19. The VR based method of claim 15, wherein the training data upon which the generative AI model is trained comprises user-specific data of the user.

20. The VR based method of claim 15, wherein the training data upon which the generative AI model is trained on comprises one or more existing dynamic sessions with the user.

21. The VR based method of claim 20, wherein the user prompt is a user-specific statement or question based on the user-specific data of the user or the one or more existing dynamic sessions with the user, and wherein the user prompt is generated and output to continue at least one of the one or more existing dynamic sessions with the user.
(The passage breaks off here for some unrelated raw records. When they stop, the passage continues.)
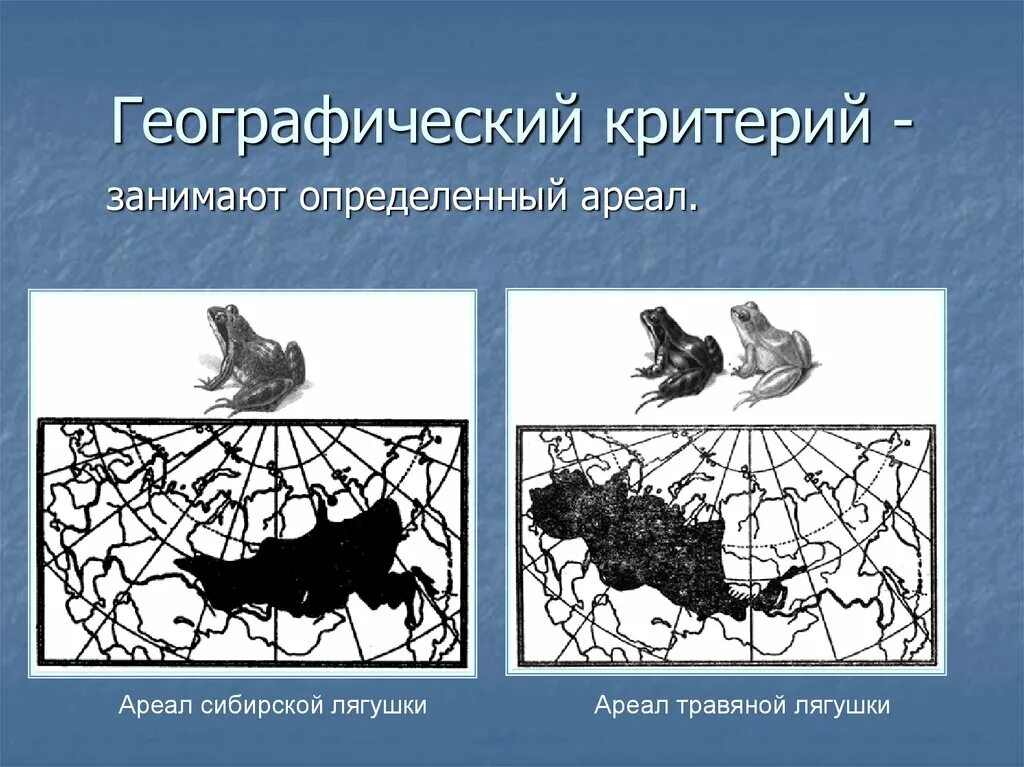 Примеры эколого географического критерия. Экологический критерий. Примеры эколого географического критерия. Примеры эколого географического критерия. Примеры эколого географического критерия.
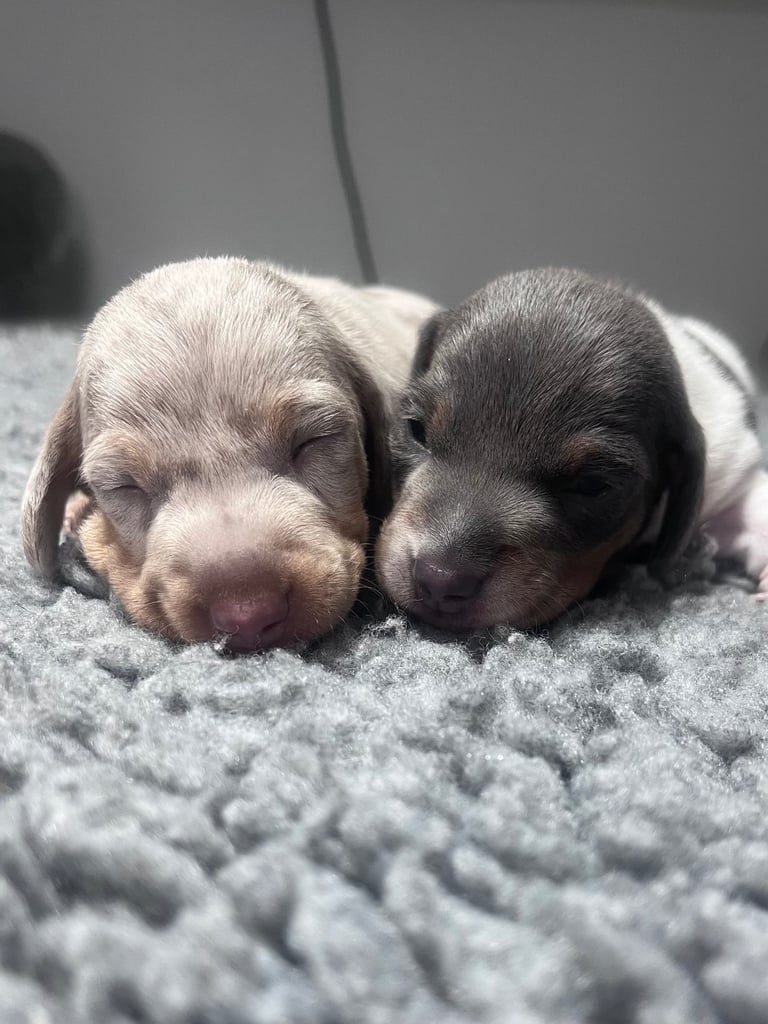 Miniature dachshunds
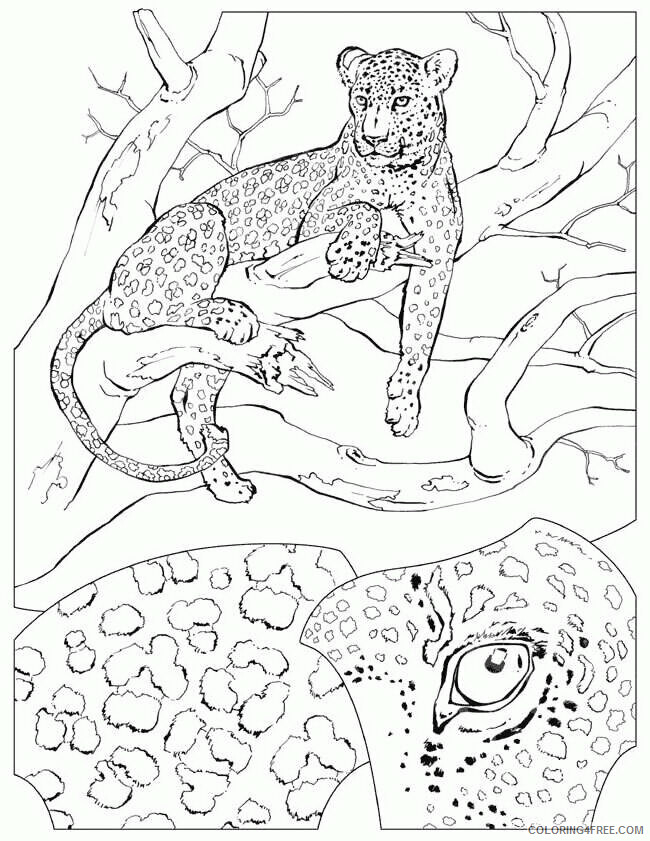 Cheetah Coloring Sheets Animal Coloring Pages Printable 2021 0831 Coloring4free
22. The VR based method of claim 20, wherein the one or more immersive multimedia scenes depict a three-dimensional (3D) room, and wherein the 3D room is customized for the user based on the one or more existing dynamic sessions of the user, and wherein the 3D room includes selections or areas in 3D space for beginning execution of immersive experiences for implementing the therapeutic treatment for SUD.

23. The VR based method of claim 15, wherein the one or more immersive multimedia scenes depict a visualization of breath of the user comprising particle simulations, wherein the particle simulations mimic a flow of air during inhalation and exhalation by the user.

24. The VR based method of claim 15, wherein the dynamic session builder comprises a immersive experience type, the immersive experience type causing the generative AI model to generate the one or more immersive multimedia scenes and/or the one or more audible statements according to a preselected immersive experience theme selected from one of: (a) a therapy session based theme; (b) a creative based theme; (c) an action play motion theme; (d) a meditation based theme; (e) an exploratory theme; (f) a problem-solving skill building theme; or (g) an interpersonal relationship building theme.

25. The VR based method of claim 17, further comprising:

outputting one or more results of the therapeutic treatment of SUD, the one or more results comprising at least one of: (a) a graphic, chart, or data of the biometric data of the user; or (b) a survey by the user generated by collecting additional vocal responses of the user and/or by collecting input from the user operating the one or more input devices.